The second came shortly thereafter, when NASA announced where the robot craft would be headed – the asteroid now known as Bennu. Originally known as 1999 RQ36, the rock was renamed as part of a contest involving suggestions from thousands of schoolchildren. It was a nine-year-old named Michael Puzio who suggested the name, claiming that the the Touch-and-Go Sample Mechanism (Tagsam) arm and solar panels on Osiris-Rex resembled the neck and wings of Bennu, better known as the Phoenix.
NASA claims that Bennu could hold clues to the origin of the solar system, hence why samples will be brought back to determine their composition. The new spacecraft will rendezvous with Bennu in 2018 and begin collecting measurements and samples of surface material, and then return to Earth by 2023. Ultimately, the mission is part of NASA’s larger aim at capturing an asteroid and towing it back it to Earth so that the entire body can be studied.
Of course, there are larger plans at work here too. NASA’s truly long-term aims also involve improving asteroid defense, which includes capturing asteroids that are on a potential collision course with Earth and towing them off course.
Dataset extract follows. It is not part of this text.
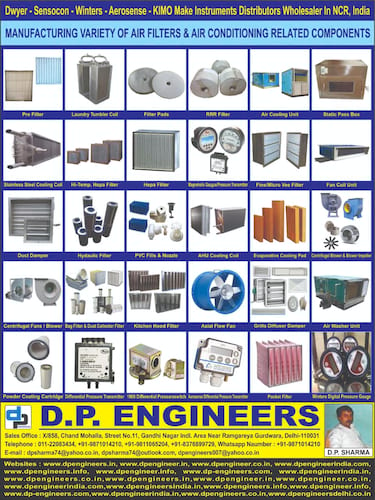 D.P.ENGINEERS in Delhi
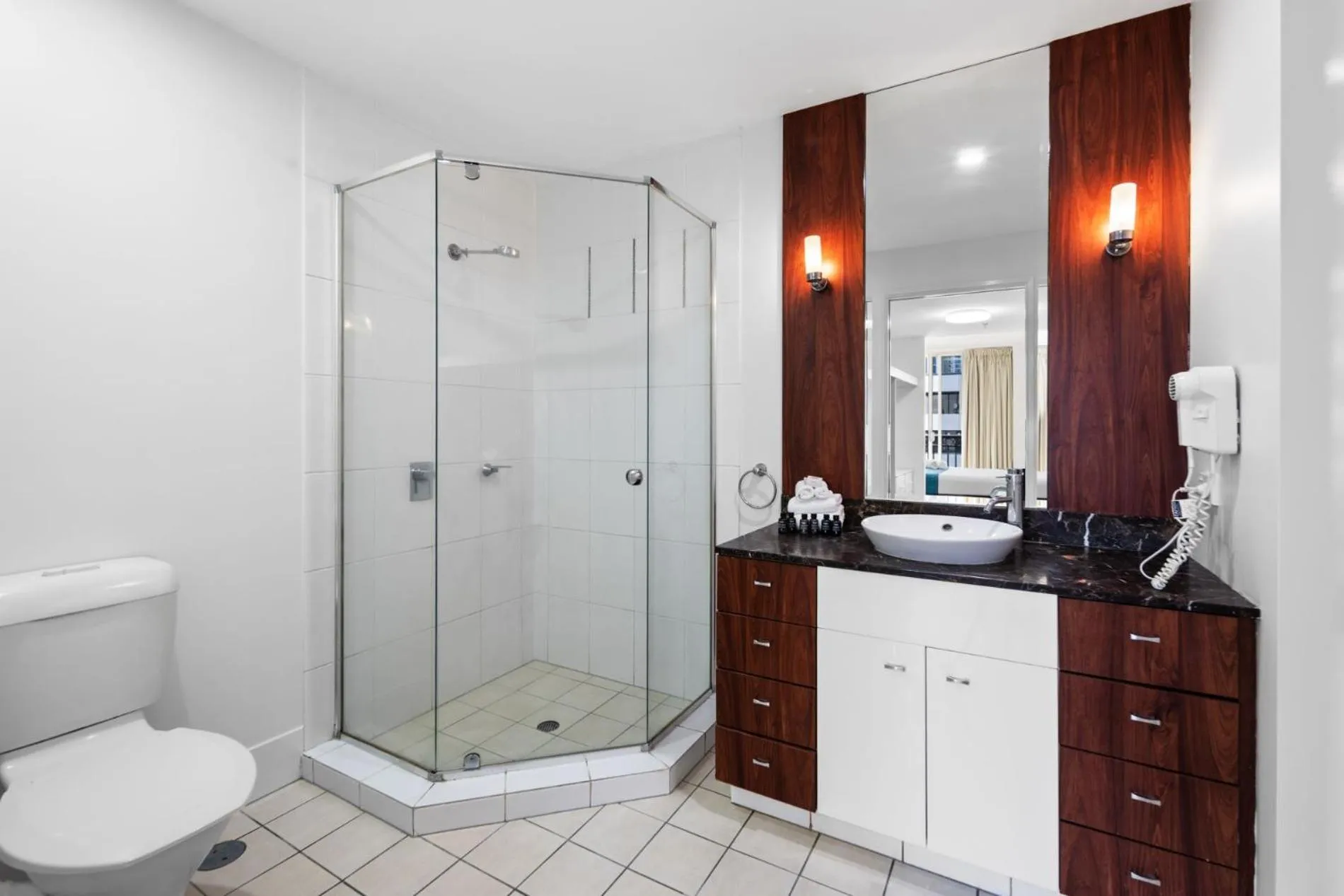 Shower in Chevron Renaissance - Private Apartments - Hosted by Coastal Letting Co.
And then there’s the plan to put astronauts on an asteroid by the 2020’s, establishing a Moon outpost in the same decade, and on Mars by 2030. In the end, all roads converge on putting boots on soil that is not of Earth!
And be sure to check out the video simulation of the Osiris-Rex in action, courtesy of NASA:
Source: cnet.news.ca
I’d be more excited if the asteroid contained alternate renewable energy compounds, but whatever.
We’re working on it, but that’s separate research. And it will have to come through, otherwise our ships won’t have the power they need to get to Mars and back. Not quickly, at any rate.
Especially if the zombie apocalypse or the robot apocalypse or the demon apocalypse I have in the works or the apocalypse mankind will cause happens anytime soon.
Sounds exciting, but also a bit scary? Do we really want to tow asteroids towards earth? What if they miscalculate and it crashes into us instead?
Not possible. The towing process is very slow and guided the whole way. If the rock drifted off course, the satellite would simply pull it back on course.